You need to make the main web server accessible over the network to external users.

There are a few approaches, but using an ingress controller is recommended.

For production environments, we recommend using the ingress-nginx ingress.

echo ./configure/ingress-nginx/install.sh >> create-new-cluster.sh
  • Once the ingress has acquired an external address, you should be able to access Sourcegraph using that.

  • You can check the external address by running the following command and looking for the LoadBalancer entry:

kubectl -n ingress-nginx get svc

If you are having trouble accessing Sourcegraph, ensure ingress-nginx IP is accessible above. Otherwise see Troubleshooting ingress-nginx. The namespace of the ingress-controller is ingress-nginx.

Configuration

ingress-nginx has extensive configuration documented at NGINX Configuration. We expect most administrators to modify ingress-nginx annotations in sourcegraph-frontend.Ingress.yaml. Some settings are modified globally (such as HSTS).
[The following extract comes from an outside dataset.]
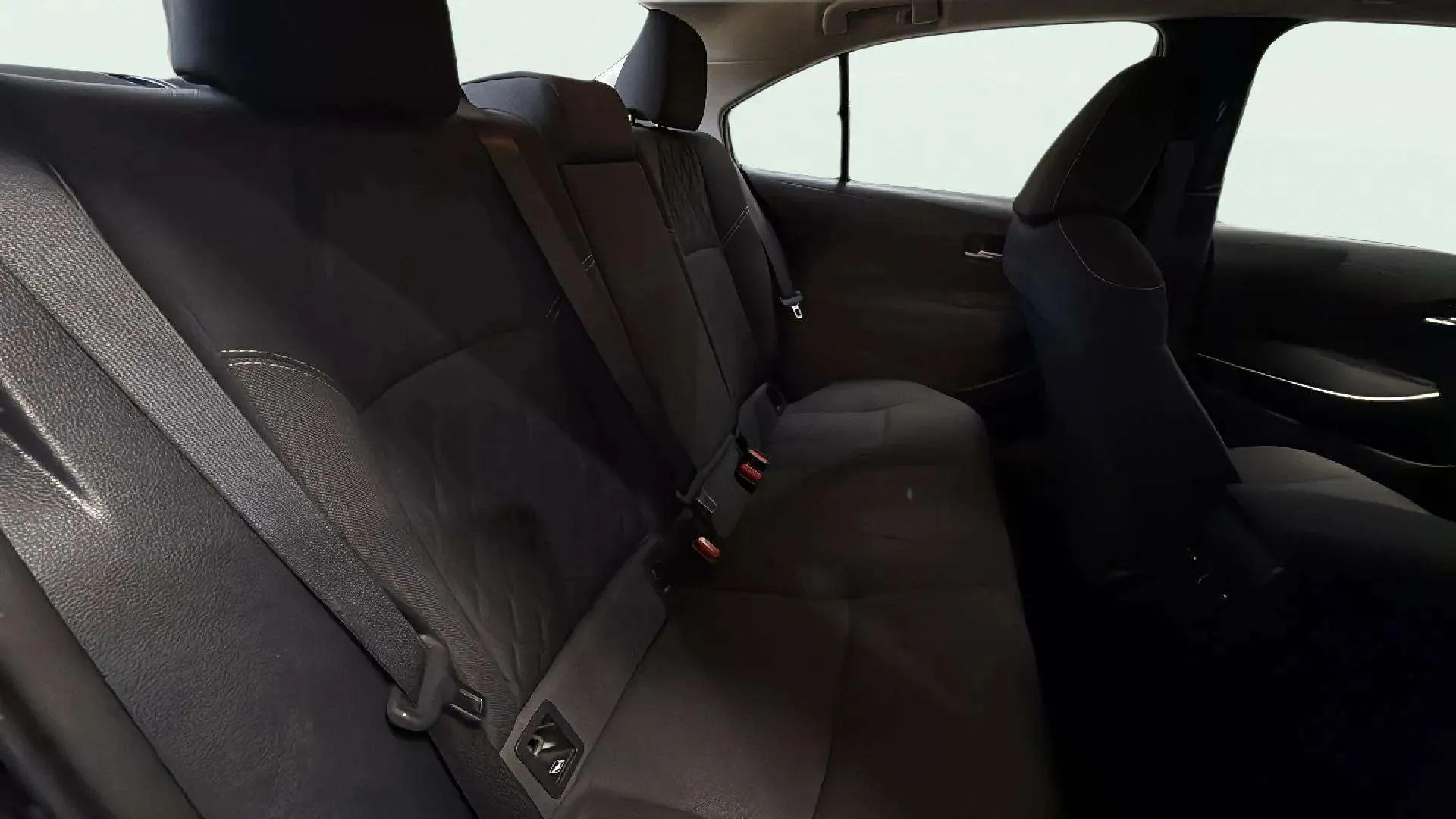 Toyota Corolla 1.5CC - foto 13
In that case we expect administrators to modify the ingress-nginx configmap in configure/ingress-nginx/mandatory.yaml.

NGINX service

In cases where ingress controllers cannot be created, creating an explicit NGINX service is a viable alternative. See the files in the configure/nginx-svc folder for an example of how to do this via a NodePort service (any other type of Kubernetes service will also work):

Network rule

Add a network rule that allows ingress traffic to port 30080 (HTTP) on at least one node.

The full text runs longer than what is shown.